NO.. IT DOESN'T! Really! It has a lot of nonsense... that will mislead you, and keep you in NOOB status longer than needed.... but that is YOUR choice!
Like what? I disagree. I think that if you want to get photos like Ken Rockwell's (which are indeed quite decent), then you would do pretty well in getting them if you followed all of his advice to the T. It's internally consistent like that. It's by no means the ONLY way to shoot, but it is A consistent and valid way to shoot, as a whole package.

When it fails is usually only if/when you attempt to take some piece of his advice and transplant it into a totally different shooting style. And you don't have to be a professional to realize that that is a likely consequence of doing such a thing. That's just common sense, which newbies should be equally able to figure out as anybody else.

I don't know much about welding (I'm a "newbie"), but I'm an intelligent adult, thus I still know that if I ask a professional 30 year welder what his advice is, and he rattles off a whole 18 step procedure he always goes through, that I can't just pick and choose which steps I feel like following myself, and expect to get the same results! I have to either follow the whole thing, and trust him, OR pick and choose, but no longer hold him accountable if my picking and choosing led me astray. Even as a newbie, I know that I would have to NOT be a newbie in order to alter and cherrypick advice and still guarantee its success.

That's just something that's going to be generally true of any experienced person's advice who uses any style to do anything: It might not work piece-meal.

That doesn't mean that it's "wrong" or "misleading." Wrong advice is advice that doesn't even work when you use it in the context of the whole package/Ken Rockwell style. Which there is very little of on his site. Do you have some examples of things he says that are just flat out wrong no matter what, even if you generally shoot the way he does?

And that's the fundamental problems. Newbies don't belong on his site because they don't know the difference between information and misinformation. Not everything he says is necessarily true nor relevant. His product reviews can be misleading, and in some cases he's published reviews for products that he never even used.
He usually explicitly says that his reviews are not from things he has used, when that is the case. Either that, or such items have a barebones page with nothing but manufacturer advertised stats and maybe a paragraph of editorializing. I don't see how either is irresponsible or misleading. if you can't read a disclaimer, then that's your fault, and if you trust the information on the barebones ones that don't have disclaimers, then it isn't going to hurt you much anyway, because it's all just the same information you would have got from the manufacturer. Where is the dangerous misleading happening, exactly?

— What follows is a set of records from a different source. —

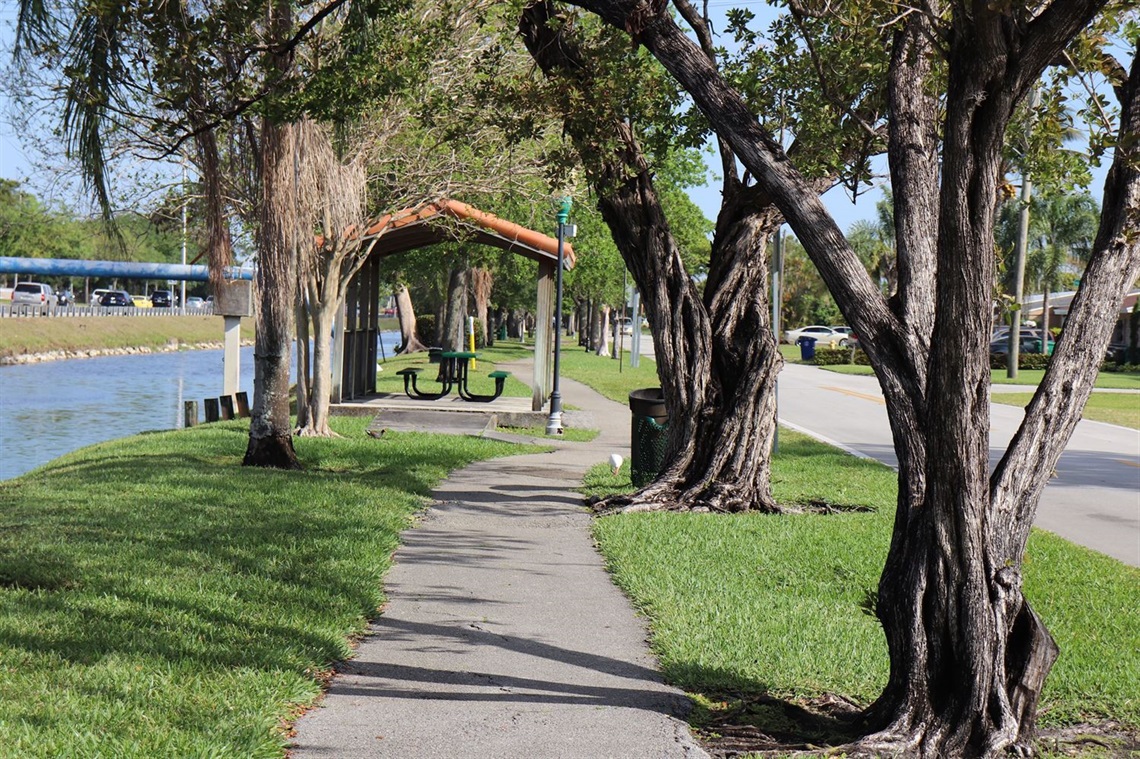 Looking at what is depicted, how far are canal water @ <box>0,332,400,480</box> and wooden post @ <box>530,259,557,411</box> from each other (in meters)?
7.21

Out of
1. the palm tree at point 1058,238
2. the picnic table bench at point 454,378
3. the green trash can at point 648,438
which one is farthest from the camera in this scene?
the palm tree at point 1058,238

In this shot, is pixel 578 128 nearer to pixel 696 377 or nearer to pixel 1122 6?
pixel 696 377

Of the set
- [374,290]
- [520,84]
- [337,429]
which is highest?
[520,84]

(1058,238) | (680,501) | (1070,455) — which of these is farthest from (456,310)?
(1058,238)

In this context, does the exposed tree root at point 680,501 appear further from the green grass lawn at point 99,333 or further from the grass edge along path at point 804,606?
the green grass lawn at point 99,333

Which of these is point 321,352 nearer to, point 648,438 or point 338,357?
point 338,357

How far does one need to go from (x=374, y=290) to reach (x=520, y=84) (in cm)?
1291

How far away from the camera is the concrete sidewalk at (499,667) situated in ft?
16.9

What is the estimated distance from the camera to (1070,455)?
18.6 m

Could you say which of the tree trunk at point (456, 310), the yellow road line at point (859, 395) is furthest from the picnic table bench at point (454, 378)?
the tree trunk at point (456, 310)

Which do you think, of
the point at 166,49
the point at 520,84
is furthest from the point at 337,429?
the point at 166,49

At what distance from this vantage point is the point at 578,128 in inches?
452

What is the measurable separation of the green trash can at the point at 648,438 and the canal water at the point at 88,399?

"Not everything he says is necessarily true nor relevant." <-- Lol what? That's called "being a human being." As long as he isnt intentionally providing wrong information, then he is no worse than any other review blog you're going to find online. And I'm not aware of any intentionally wrong information provided. Not is the unintentionally wrong information very common, compared to any other reviewers/bloggers.



Like Derrell points out, I think that 90% of what he says is spot on, extremely insightful commentary that really works and pans out.
People get all bent out of shape over the 10% of his pages that just only "might" work or are occasionally almost certainly wrong, and then give up on the entire man, without really stopping and asking the question "Well wait, who else out there isn't wrong at least that often?"
For example, I got a good laugh out of the first or second reply to this thread where somebody suggested that FroKnowsPhoto was a much superior source of less preachy information than ken Rockwell... He's a good guy, and I like his site a lot too, but he is definitely 2-3x as preachy as Ken Rockwell is (gets extremely visibly agitated every 10 seconds, repeats himself constantly in a way that literally sounds like a sermon, etc.), and isn't really right any more often.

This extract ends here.